Restate word for word the lines below from the one that has "Vita Toning Serum" through the one that has "Giày bata thể", keeping both and dropping all pictures.

Data for this exercise
:::::

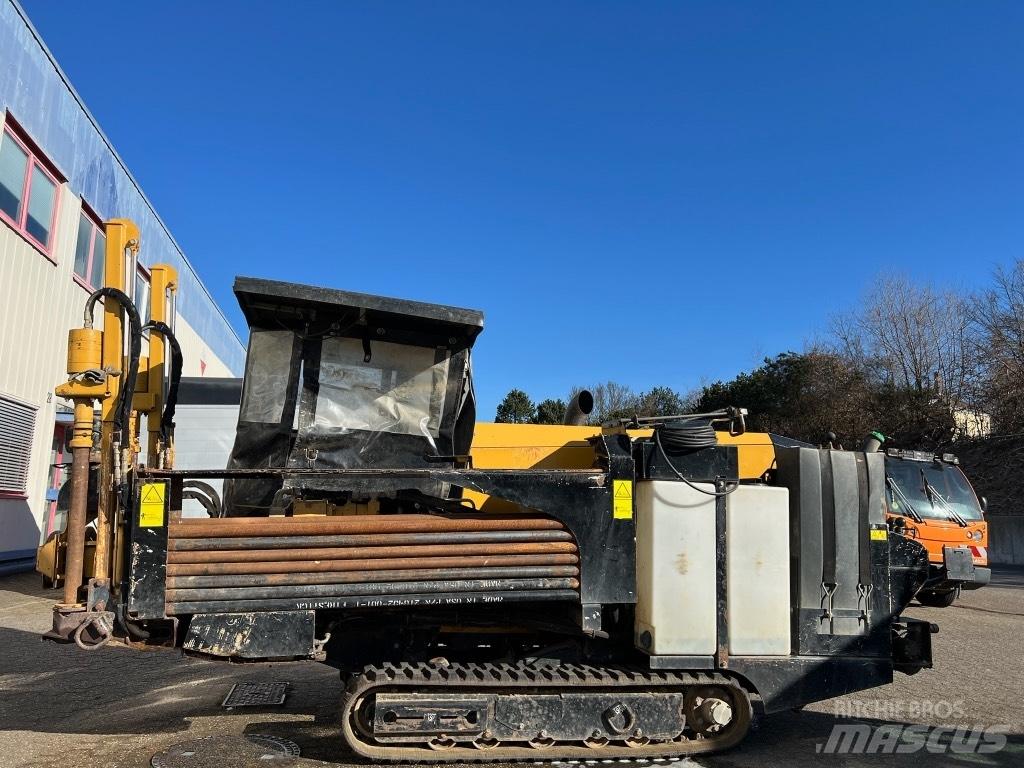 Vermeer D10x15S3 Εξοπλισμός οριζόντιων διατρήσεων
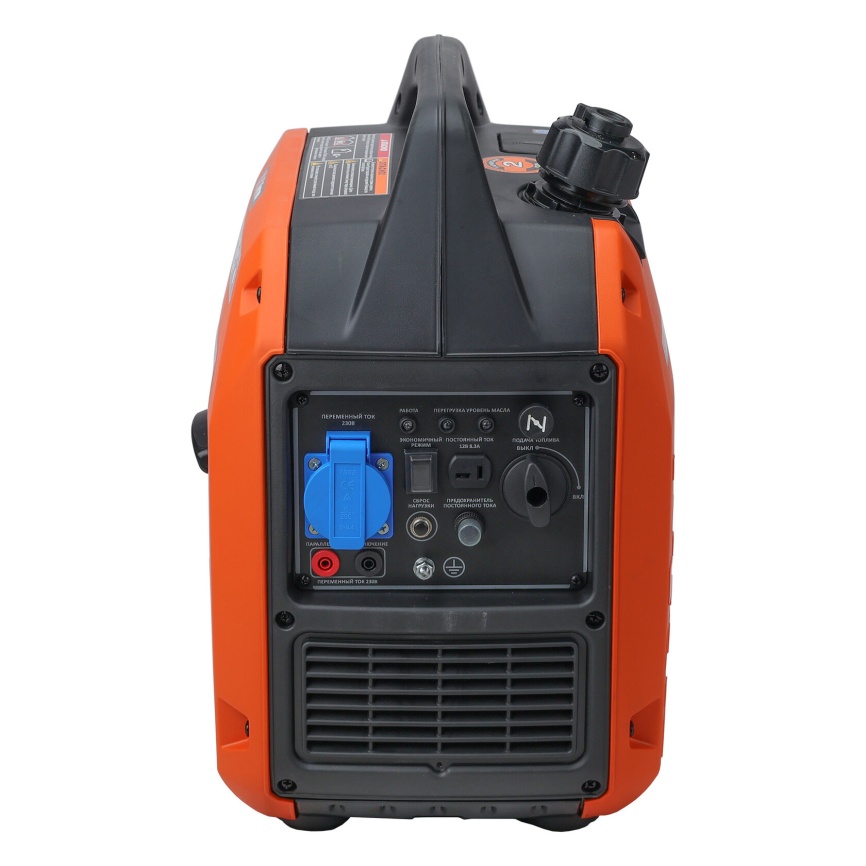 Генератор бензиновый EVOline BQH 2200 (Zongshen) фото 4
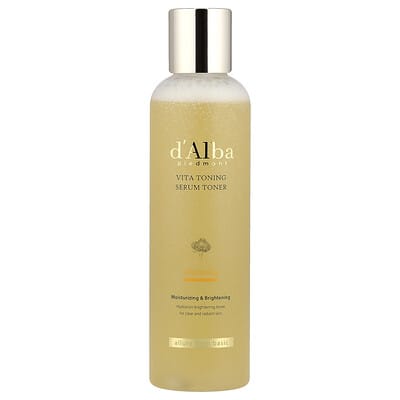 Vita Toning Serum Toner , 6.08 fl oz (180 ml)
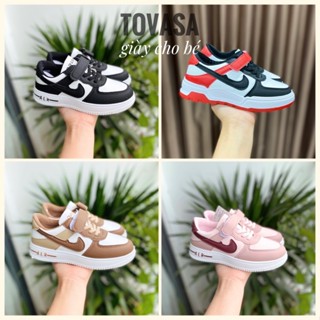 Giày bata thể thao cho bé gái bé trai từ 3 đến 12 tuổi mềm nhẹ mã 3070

:::::

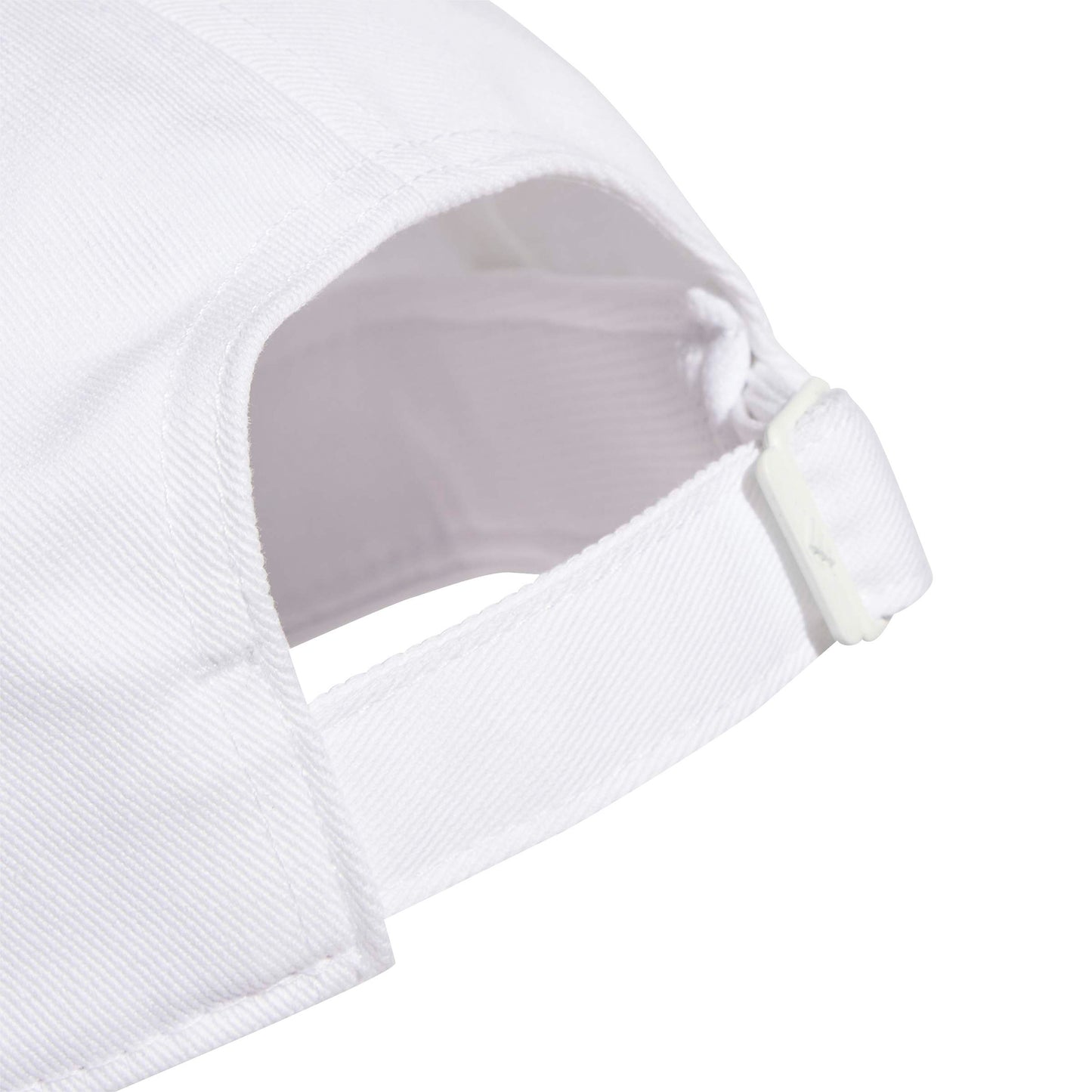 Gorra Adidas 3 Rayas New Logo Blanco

:::::

Written answer
 Vita Toning Serum Toner , 6.08 fl oz (180 ml)
 Giày bata thể thao cho bé gái bé trai từ 3 đến 12 tuổi mềm nhẹ mã 3070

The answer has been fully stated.